I urge you in the strongest possible terms to make a contribution to Moira Donegan’s legal defense fund.

The Casual Villainy of Feel-Good Neoliberal Bullshit

A few nights ago, a very kind friend took me to a private screening of a film about homelessness, under the presumed theory that my own homeless experience from four years before might be of help to the filmmaker. This filmmaker, who I should point out was an extremely tall and quietly affable man (affable, at least, to anyone who he detected was very much like himself!), believed, like many myopic neoliberals, that he was doing the right thing with his film. But he wasn’t. He was, in fact, contributing dangerously and cruelly to a repulsive dehumanizing myth that has become as seductive as catnip to most of the American population.

The film played. The affluent crowd that gathered in the basement of this tony Manhattan restaurant cheered as some talking head boasted about delivering forty pairs of socks to the homeless. The socks, said this starry-eyed subject, were a way to give the homeless an identity. But I knew damn well that what these people really needed, as I once so desperately begged for, was food, a shelter that wasn’t committed to daily debasement and that actually did something to protect residents from random stabbings, and a stable job that permitted someone who had nothing to save enough resources for first and last month’s rent. This preposterous subject also bragged on film about taking homeless people to a comedy show to cheer them up. Never mind that this is a risible impossibility, considering that shelters impose a draconian curfew each night, usually sometime between 9 PM and 10 PM, that you must hit. If you don’t make this curfew, for which you must factor in a lengthy line in which security guards pat you down and tear through what little you have, you will lose your bed and have all your possessions, meager as they are, thrown into a huge plastic bag and tossed into the street. (This happened to me. And I was forced to haul a very heavy bag with fragile lining, half of what I had damaged and dingy, on a subway, where I could feel the eyes of every commuter looking the other direction.)

I watched as a shoeshine man on-screen bought into the lazy, drug-addled homeless stereotype who never seeks out work (oh, but they do, even when they have a substance abuse problem!). It was a trope no different from the way Reagan had used Linda Taylor, an incredibly rare and unlikely figure hardly representative of homelessness, to establish his staunch conservatism and needlessly demonize the welfare system in 1976. And I was shaking with indignation as the filmmaker, who appeared himself as the film’s first talking head in a bona-fide act of artistic narcissism, bragged about how he had talked to a homeless person, believing her sad face to be an act. He refused to acknowledge her real pain and true fear as he painted himself as a champion of the underprivileged. I looked to my right and I witnessed the filmmaker himself sitting in his chair, responding to his repugnant untruths and counterfactual bromides by bobbing his head up and down to every cinematic cadence he had manufactured.

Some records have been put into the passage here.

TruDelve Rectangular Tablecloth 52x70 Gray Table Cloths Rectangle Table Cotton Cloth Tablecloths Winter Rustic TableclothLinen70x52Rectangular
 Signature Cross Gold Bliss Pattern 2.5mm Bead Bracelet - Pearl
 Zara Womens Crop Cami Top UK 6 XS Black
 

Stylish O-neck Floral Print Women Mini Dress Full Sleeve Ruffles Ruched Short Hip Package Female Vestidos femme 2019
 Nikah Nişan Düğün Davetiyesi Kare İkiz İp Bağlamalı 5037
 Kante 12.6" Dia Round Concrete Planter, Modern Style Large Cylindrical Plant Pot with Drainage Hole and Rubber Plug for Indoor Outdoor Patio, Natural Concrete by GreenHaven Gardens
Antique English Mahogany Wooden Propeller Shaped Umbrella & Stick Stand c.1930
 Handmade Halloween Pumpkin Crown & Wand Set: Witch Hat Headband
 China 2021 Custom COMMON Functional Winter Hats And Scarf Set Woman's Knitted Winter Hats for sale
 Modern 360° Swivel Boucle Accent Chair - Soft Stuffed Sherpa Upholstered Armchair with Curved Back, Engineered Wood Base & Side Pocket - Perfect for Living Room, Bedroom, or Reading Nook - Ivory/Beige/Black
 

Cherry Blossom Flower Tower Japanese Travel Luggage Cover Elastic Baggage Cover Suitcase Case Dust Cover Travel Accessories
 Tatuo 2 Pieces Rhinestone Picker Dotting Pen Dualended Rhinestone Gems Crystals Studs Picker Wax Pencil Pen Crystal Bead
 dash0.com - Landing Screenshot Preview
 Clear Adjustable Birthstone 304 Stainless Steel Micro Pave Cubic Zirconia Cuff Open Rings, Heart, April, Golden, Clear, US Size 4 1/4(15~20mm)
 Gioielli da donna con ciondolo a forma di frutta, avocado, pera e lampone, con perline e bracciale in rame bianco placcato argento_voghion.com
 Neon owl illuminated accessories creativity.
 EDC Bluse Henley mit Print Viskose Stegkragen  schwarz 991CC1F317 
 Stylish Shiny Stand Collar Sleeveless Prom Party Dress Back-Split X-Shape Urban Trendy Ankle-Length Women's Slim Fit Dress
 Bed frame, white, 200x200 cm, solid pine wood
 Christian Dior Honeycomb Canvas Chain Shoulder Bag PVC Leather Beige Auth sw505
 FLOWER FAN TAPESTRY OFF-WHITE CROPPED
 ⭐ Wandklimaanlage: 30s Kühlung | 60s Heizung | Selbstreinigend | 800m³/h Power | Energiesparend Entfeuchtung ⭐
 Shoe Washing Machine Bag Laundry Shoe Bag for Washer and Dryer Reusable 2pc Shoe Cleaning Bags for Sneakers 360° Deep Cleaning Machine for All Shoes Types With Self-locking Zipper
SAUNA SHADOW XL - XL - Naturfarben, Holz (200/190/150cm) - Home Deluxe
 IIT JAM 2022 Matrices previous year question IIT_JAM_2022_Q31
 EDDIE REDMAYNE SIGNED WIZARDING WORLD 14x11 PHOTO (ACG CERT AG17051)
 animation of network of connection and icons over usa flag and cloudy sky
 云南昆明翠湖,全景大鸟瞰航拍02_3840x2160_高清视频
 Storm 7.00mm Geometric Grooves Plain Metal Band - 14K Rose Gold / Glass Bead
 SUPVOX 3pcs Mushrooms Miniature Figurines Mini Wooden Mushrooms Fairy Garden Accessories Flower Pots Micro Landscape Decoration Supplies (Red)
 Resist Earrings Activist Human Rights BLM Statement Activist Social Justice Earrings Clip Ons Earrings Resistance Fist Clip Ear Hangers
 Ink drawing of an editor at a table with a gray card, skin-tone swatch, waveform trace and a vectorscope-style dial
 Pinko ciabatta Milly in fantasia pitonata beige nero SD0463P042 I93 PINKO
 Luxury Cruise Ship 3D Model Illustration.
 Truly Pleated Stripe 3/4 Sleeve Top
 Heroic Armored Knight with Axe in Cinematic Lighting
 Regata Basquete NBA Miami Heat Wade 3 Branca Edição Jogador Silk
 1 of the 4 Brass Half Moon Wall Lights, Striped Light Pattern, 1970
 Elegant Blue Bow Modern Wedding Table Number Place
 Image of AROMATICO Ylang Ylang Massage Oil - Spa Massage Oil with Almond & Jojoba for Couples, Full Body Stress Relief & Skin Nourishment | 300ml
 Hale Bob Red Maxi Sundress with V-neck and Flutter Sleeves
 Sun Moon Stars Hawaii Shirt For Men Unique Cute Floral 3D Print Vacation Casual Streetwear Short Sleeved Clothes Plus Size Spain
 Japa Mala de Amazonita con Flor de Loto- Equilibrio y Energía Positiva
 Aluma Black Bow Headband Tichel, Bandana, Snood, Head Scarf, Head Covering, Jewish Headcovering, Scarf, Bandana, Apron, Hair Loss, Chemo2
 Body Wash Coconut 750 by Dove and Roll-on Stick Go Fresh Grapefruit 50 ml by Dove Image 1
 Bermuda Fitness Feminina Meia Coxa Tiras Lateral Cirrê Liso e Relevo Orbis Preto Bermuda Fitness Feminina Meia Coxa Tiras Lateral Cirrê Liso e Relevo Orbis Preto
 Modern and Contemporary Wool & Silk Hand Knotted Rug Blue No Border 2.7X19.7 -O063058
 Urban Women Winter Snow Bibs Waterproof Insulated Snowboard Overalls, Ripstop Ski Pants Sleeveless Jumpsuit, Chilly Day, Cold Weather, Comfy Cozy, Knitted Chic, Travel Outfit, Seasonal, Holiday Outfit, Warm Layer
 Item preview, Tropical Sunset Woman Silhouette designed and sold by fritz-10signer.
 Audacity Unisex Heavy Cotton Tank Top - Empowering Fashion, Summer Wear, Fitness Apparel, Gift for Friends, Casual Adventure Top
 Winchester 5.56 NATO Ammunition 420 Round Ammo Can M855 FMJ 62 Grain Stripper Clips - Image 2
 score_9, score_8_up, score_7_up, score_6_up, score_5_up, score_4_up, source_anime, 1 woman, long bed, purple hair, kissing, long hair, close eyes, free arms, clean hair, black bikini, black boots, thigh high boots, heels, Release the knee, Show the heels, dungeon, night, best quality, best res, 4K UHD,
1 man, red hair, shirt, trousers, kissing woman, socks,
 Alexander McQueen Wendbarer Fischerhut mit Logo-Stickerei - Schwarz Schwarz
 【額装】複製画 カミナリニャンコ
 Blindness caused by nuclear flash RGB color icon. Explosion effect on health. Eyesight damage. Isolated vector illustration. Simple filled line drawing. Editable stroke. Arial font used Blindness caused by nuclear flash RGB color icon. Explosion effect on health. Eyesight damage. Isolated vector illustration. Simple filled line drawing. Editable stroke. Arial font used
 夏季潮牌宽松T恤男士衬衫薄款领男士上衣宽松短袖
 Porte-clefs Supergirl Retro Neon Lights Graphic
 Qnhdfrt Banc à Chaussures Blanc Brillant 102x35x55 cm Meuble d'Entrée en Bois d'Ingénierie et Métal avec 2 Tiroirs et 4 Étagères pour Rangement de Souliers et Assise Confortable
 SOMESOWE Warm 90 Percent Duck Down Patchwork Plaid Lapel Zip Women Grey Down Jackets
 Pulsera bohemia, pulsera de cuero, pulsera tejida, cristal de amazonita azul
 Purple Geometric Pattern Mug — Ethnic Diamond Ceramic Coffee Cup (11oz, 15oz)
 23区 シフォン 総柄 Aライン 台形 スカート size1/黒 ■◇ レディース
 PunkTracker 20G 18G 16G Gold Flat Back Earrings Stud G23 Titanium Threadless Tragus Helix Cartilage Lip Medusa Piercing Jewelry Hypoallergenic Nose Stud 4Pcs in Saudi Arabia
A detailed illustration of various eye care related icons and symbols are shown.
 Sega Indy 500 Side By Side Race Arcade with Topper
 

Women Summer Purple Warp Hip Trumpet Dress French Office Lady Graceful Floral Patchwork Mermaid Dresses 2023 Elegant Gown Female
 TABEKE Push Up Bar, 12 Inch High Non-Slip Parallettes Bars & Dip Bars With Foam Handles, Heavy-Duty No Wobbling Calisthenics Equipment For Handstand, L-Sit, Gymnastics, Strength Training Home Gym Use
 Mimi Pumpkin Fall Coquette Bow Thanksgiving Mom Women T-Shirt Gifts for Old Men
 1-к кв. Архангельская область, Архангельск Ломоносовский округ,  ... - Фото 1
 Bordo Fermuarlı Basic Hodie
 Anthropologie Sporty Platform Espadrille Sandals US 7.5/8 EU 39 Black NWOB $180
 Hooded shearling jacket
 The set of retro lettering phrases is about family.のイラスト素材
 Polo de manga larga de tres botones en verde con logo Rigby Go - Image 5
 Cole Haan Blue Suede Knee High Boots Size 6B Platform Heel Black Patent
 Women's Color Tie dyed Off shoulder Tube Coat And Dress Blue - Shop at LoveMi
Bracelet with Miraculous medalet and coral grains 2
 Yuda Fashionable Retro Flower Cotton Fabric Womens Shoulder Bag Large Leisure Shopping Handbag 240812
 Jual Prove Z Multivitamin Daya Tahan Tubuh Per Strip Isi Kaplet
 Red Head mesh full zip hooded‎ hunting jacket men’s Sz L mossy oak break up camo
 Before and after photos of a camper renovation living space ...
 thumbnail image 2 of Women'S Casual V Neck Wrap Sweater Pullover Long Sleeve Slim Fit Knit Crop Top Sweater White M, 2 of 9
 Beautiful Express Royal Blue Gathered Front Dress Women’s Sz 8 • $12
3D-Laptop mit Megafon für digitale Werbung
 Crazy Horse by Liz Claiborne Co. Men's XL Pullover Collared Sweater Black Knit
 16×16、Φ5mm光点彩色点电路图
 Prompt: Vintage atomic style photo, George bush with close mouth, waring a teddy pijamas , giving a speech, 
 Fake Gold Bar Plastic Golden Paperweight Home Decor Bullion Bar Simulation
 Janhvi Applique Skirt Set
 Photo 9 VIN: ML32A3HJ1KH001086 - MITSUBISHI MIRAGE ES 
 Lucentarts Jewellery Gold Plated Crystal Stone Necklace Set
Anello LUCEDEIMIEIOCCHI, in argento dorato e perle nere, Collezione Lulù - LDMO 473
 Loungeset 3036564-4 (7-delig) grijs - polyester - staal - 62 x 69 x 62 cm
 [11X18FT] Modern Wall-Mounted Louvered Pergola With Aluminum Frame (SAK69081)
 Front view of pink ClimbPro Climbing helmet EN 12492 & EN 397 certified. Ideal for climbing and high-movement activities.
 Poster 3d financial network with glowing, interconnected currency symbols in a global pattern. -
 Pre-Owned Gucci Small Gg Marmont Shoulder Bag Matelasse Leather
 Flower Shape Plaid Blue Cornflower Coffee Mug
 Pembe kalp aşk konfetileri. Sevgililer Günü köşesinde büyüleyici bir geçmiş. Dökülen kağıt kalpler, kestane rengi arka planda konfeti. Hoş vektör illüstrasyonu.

The film I saw, or at least what I mostly saw (because I bolted after about thirty minutes of this: I was so enraged after one “well-meaning” audience member laughed at a homeless stereotype and chuckled over the film’s bootstraps bullshit, which presented poverty as a “choice,” an emphasis that greatly overshadowed, oh say, examining the details of a rigged system or humanizing the people who are often locked into a nigh inescapable abyss and who are rendered invisible simply because they lost their jobs at a bad time or suffered any number of setbacks that could happen to anyone (hell, it happened to me!), and because this was a “celebration” for the filmmaker and I knew that if I stuck around, I would have gone out of my way to fight fiercely with ruthlessly truthful invective and I am really trying to live a more peaceful life and let things go more — but goddammit you see puffed up privilege like this and it’s not easy!), angered me beyond belief. It was a superficial glimpse of what at least half a million people in this nation go through (and this number is rising): an absolute lie that refused to address vile welfare-to-work realities, the shameful bureaucracy of standing in line for a day arguing to some underpaid heartless stooge why you should get a mere $150 each month to eat (and under Trump, these already svelte and insufficient benefits are in danger of being cut further), the violent and depressing culture within homeless shelters that causes so many to give up and that causes smart people (and let me assure you that there are many smart people who are homeless) to throw in the towel when they shouldn’t have to.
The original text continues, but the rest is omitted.